Global hospitality data company STR has released hotel industry reports for the week ending March 21 and in nearly all markets, the metrics are continuing to get worse due to the ongoing pandemic of the coronavirus COVID-19.
The reports are based on data from 68,000 properties and 9.1 million rooms around the world.
Compared to 2019 figures, occupancy is down as much as 96% in Italy to 68% down in China, 67% down in the United Kingdom, 59% down in the United States, and 48% down in Singapore.
As the first market to deal with the coronavirus, China is also the first to show signs of stabilization. About 87% of the country’s hotels are now open – up from a low of 40% – and occupancy is starting to turn in a positive direction, to about 22% for the week ending March 21 from a low of 10% in February.
The turning point in China – according to STR analysts – coincides with a halt in new cases of the virus.

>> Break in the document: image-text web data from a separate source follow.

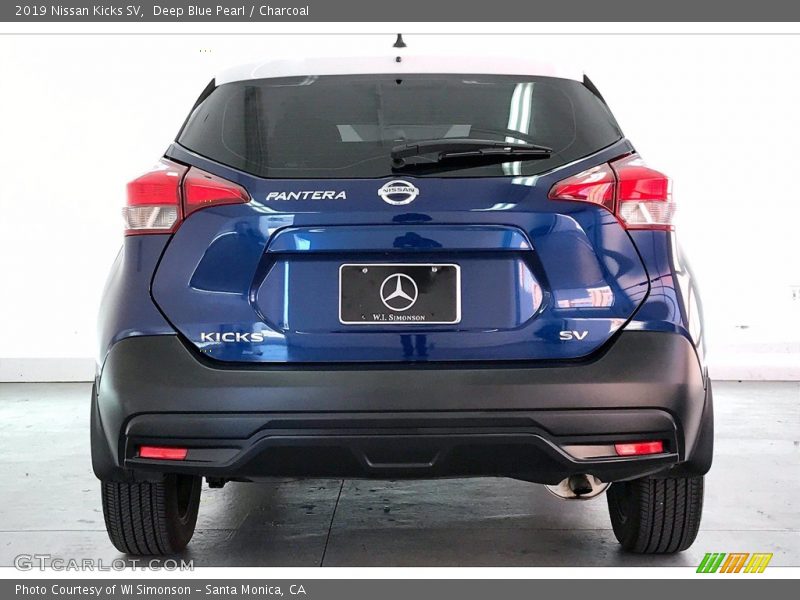Deep Blue Pearl / Charcoal 2019 Nissan Kicks SV
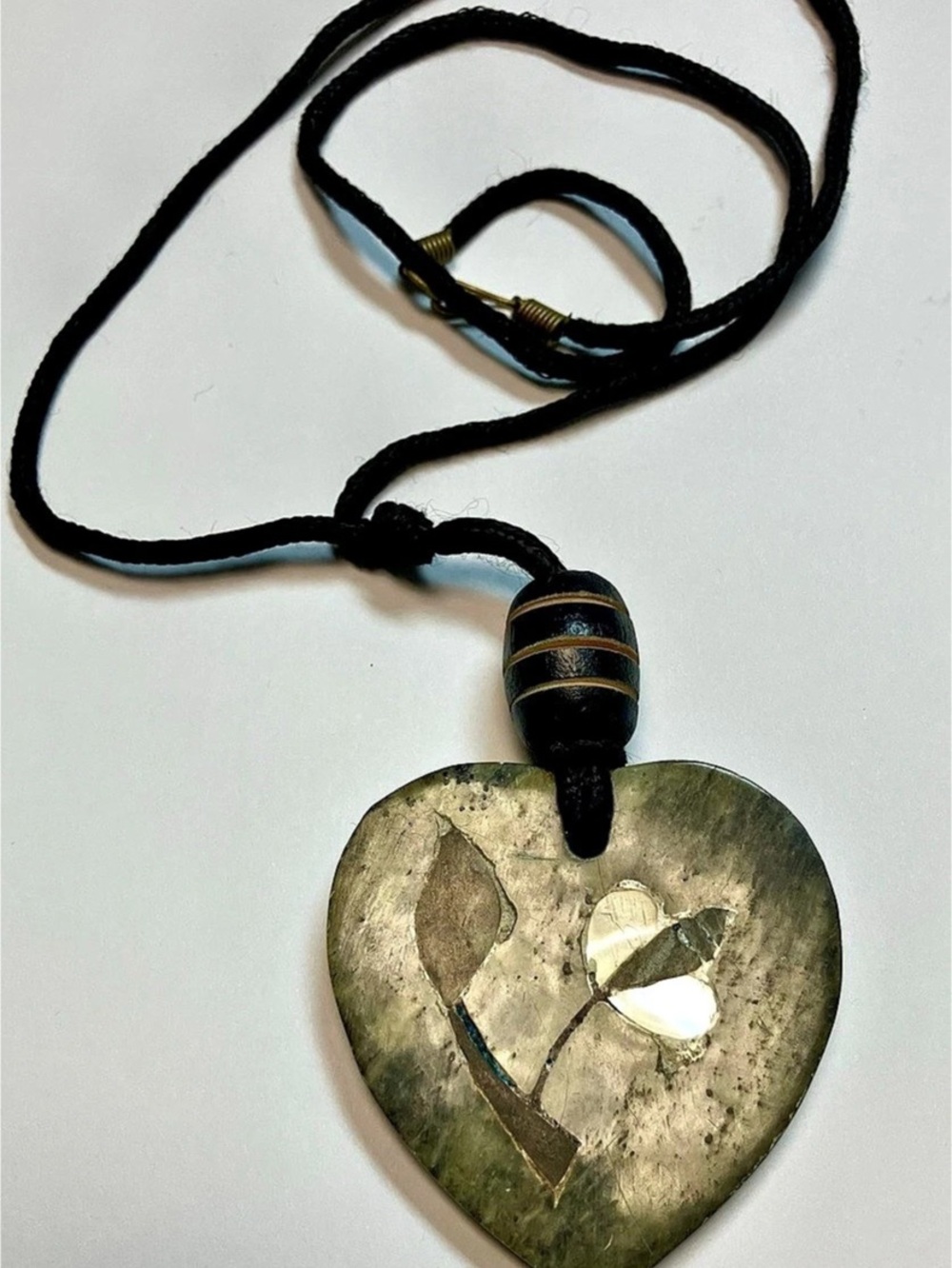 Heart Pendant Necklace in Green & Black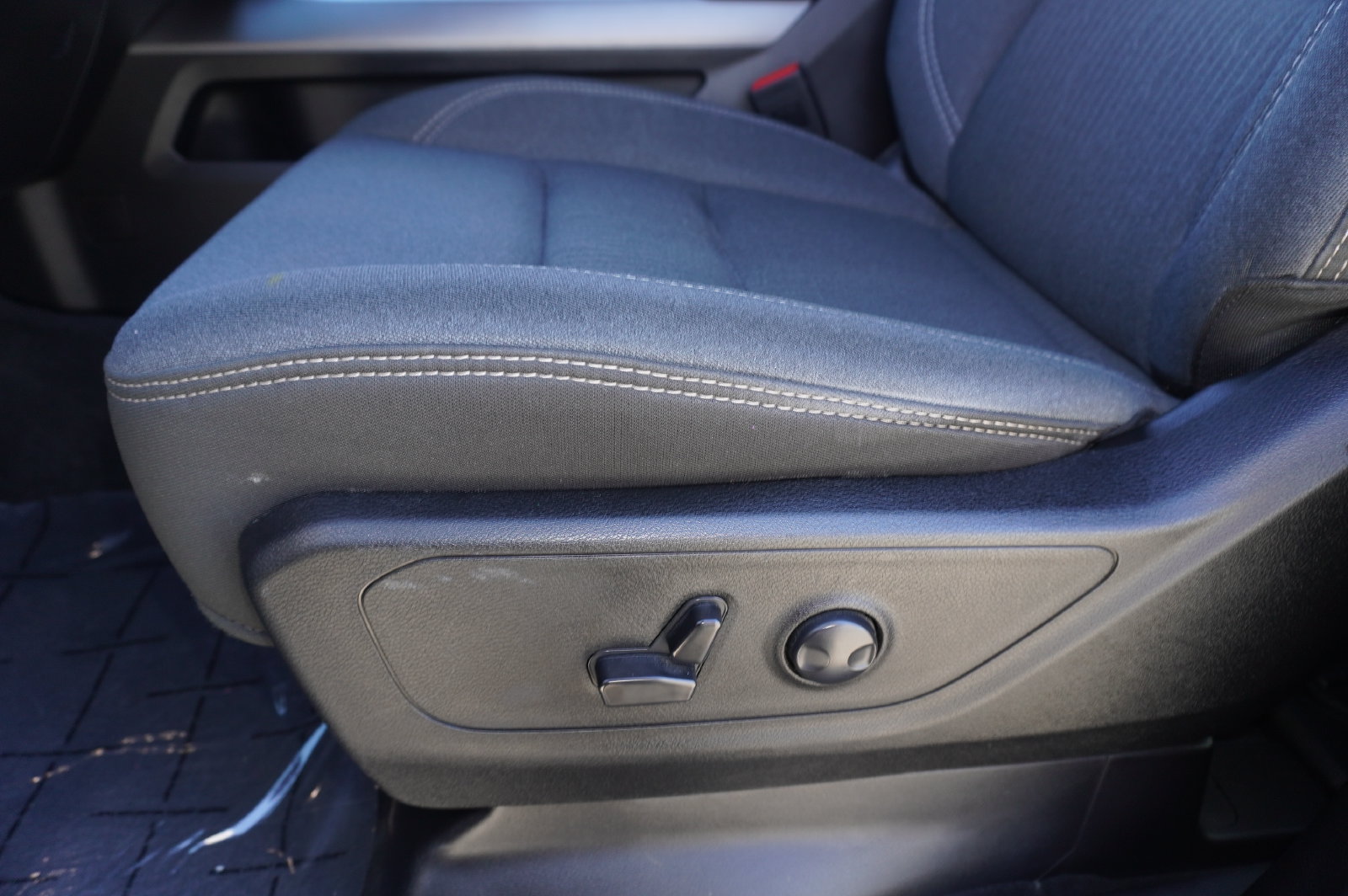 Used 2023 RAM 1500 Big Horn AWD/4WD image 13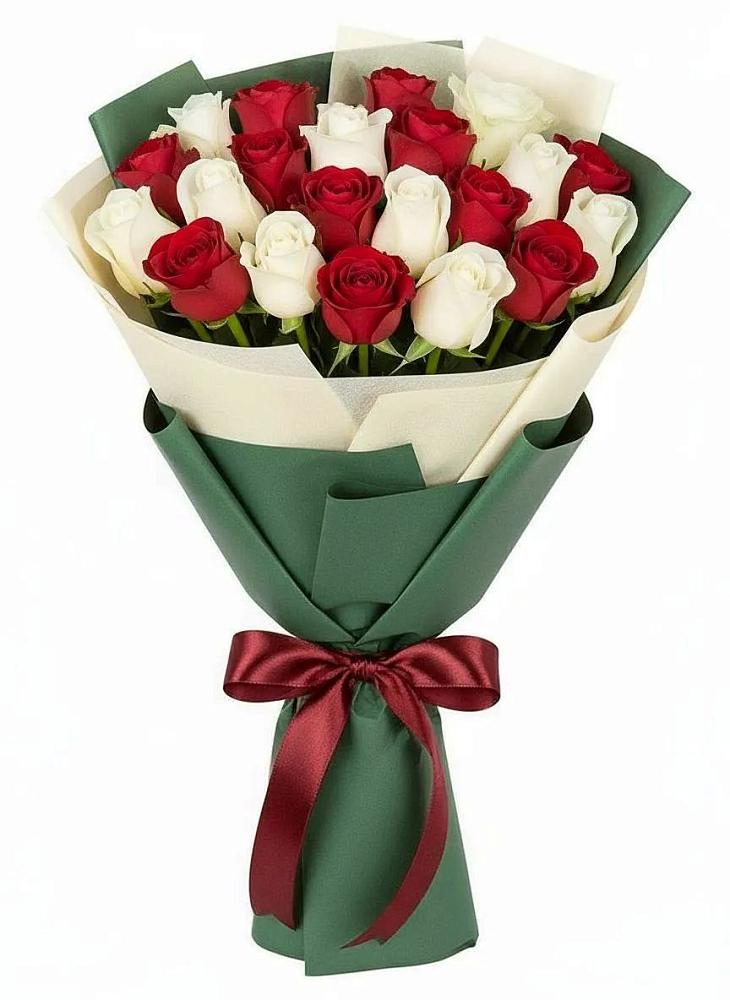 Букет Микс из красных и белых роз в Лабинске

But markets around the world can not begin to rebound in that way until they too stop the spread of COVID-19, which is why a figure of 30% absolute occupancy in the U.S. for the week ending March 21 is not a good sign, says STR’s senior vice president of lodging insights, Jan Freitag.
“The U.S. hotel industry occupancy is not falling as quickly as it is in other countries and as it was in China because there is not a national, federal lockdown on the country,” he says.
“What that further then means is that there are still a lot of people traveling… what that means also then is that there are still a lot of people who are not practicing social distancing, physical distancing. And what that implies then further is that the uptick, the rebound will take us much, much longer as there are still so many more people who could get infected.
“Make no mistake, full hotels almost equate with full hospitals.”
Around the globe, RevPAR – revenue per available room – is down sharply, in fact much more than the industry experienced after the September 11 terror attacks and after the financial crisis of ‘08/’09.
For example, in China, RevPAR was down more than 85% year-over-year for the week ending March 1, whereas its lowest figure during the financial crisis was negative 59% in August 200. Figures for Europe and the U.S. are continuing to decline, with a drop of 44% in Europe and 69.5% in the U.S. year-over-year for the week ending March 21 – the steepest weekly RevPAR decline STR says it has recorded in its 30-year history.
And in the last week, the decline is accelerating, for example averaging 90% across all major cities in Europe.
“RevPAR decreases are at unprecedented levels – worse than those seen during 9/11 and the financial crisis,” Freitag says.
“Seven of 10 rooms were empty around the country [United States]. That average is staggering on its own, but it’s tougher to process when you consider that occupancy will likely fall further. With most events canceled around the nation, group occupancy was down to 1% with a year-over-year RevPAR decline of 96.6%. The industry is no doubt facing a situation that will take a concerted effort by brands, owners, and the government to overcome.”
And Freitag says it is possible that the 1% figure is a false positive because it may be “that a lot of rooms were prepaid and reported to us without anybody actually staying in them.”
Aggregate data for the top 25 markets in the U.S. shows steep declines, with occupancy down more than 66% to 26.2%, average daily rate down more than 35% to $105.40, and RevPAR down nearly 80% to $27.59.
In the U.S., the San Francisco market has shown the worst declines, with New York and New Orleans close behind.
Looking ahead, STR says forward occupancy has collapsed. While last week’s data for the upcoming 14 days was holding around 20 to 30% in key markets in Europe, now it is down to 5 to 20% as more cancellations come through and hotels close.
As to predictions for recovery, Jesper Palmqvist, STR’s area director for Asia Pacific, says the hope is dimming for a sharp recovery, such as was seen during the SARS crisis.
“We know that what happened there was a quick v-shaped recovery after 6 months,” he says.
“A month and a half ago we thought maybe this is an option. It’s not an option anymore. It seems very unlikely for that happen.”